» WORK TASK: Should an entry contain an image, omit it and repeat the rest exactly.

(DATA FOR THIS EXERCISE begins)

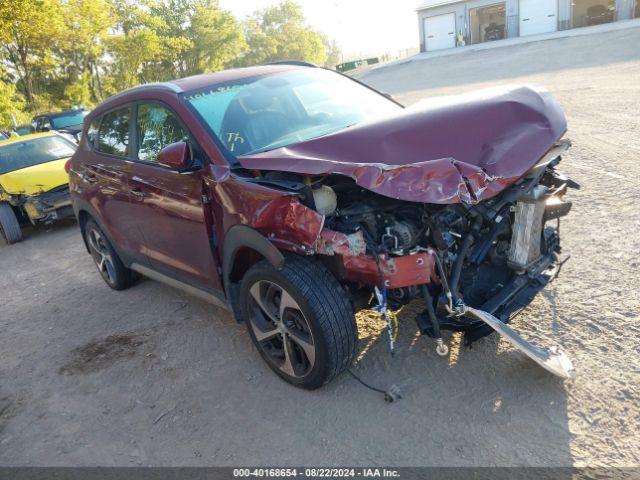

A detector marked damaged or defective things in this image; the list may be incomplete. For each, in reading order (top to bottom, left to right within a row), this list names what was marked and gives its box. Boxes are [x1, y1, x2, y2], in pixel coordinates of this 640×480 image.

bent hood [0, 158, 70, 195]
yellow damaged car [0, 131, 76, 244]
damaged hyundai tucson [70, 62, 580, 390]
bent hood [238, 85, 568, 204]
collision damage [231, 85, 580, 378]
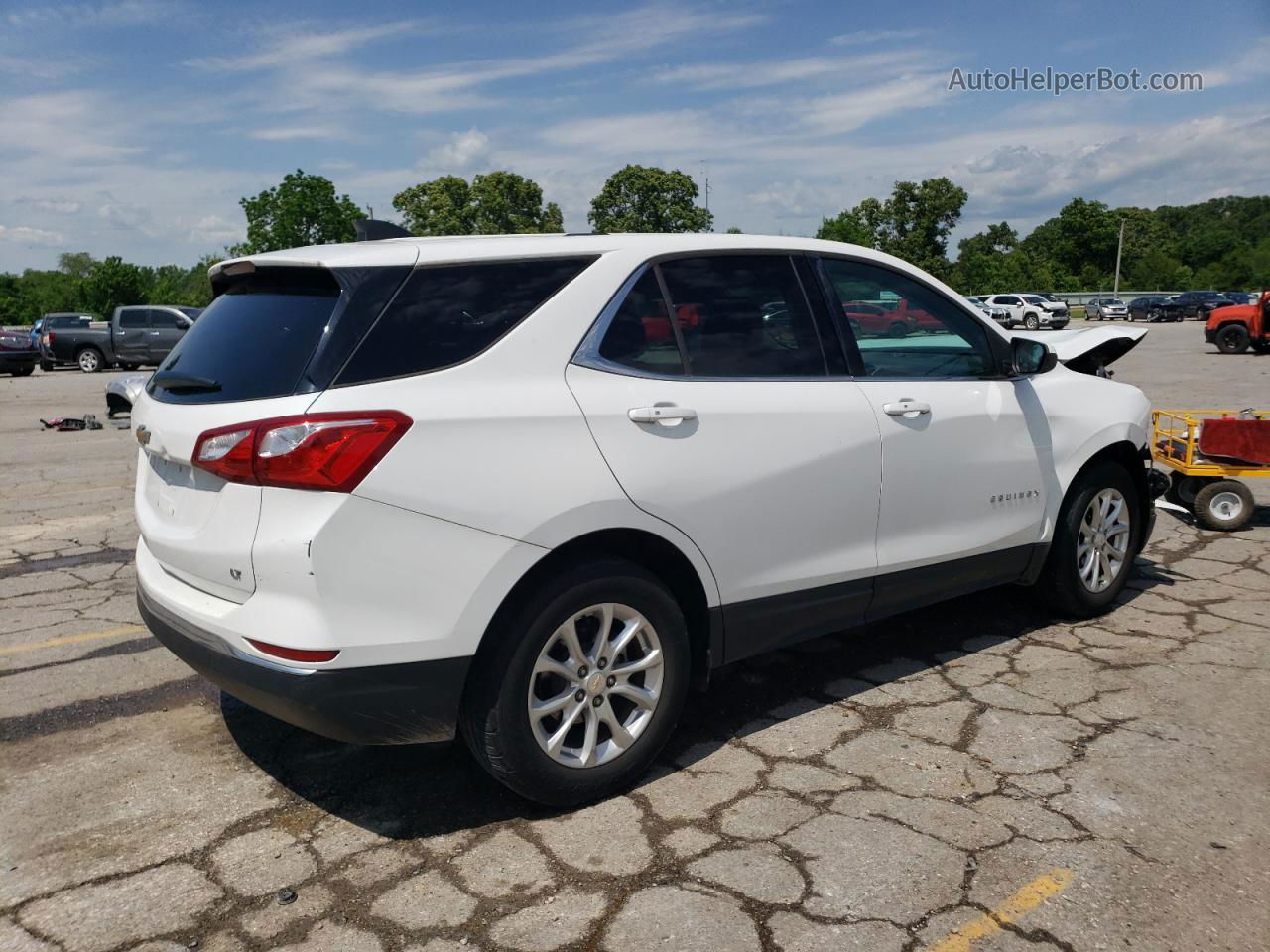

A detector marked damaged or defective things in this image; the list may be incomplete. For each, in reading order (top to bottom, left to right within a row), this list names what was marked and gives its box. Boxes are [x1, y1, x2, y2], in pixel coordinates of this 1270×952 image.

(DATA FOR THIS EXERCISE ends)

» COMPLETED EXERCISE:
A detector marked damaged or defective things in this image; the list may be incomplete. For each, in reading order (top to bottom, left to right within a row), this list names what was marked and gives its box. Boxes are [x1, y1, x2, y2], in pixel coordinates of this 640×480 image.

bent hood [0, 158, 70, 195]
yellow damaged car [0, 131, 76, 244]
damaged hyundai tucson [70, 62, 580, 390]
bent hood [238, 85, 568, 204]
collision damage [231, 85, 580, 378]

A detector marked damaged or defective things in this image; the list may be incomplete. For each, in reading order (top to bottom, left to right within a row), this list names what was marked and gives its box. Boxes are [x1, y1, x2, y2], in pixel coordinates of this 1270×952 image.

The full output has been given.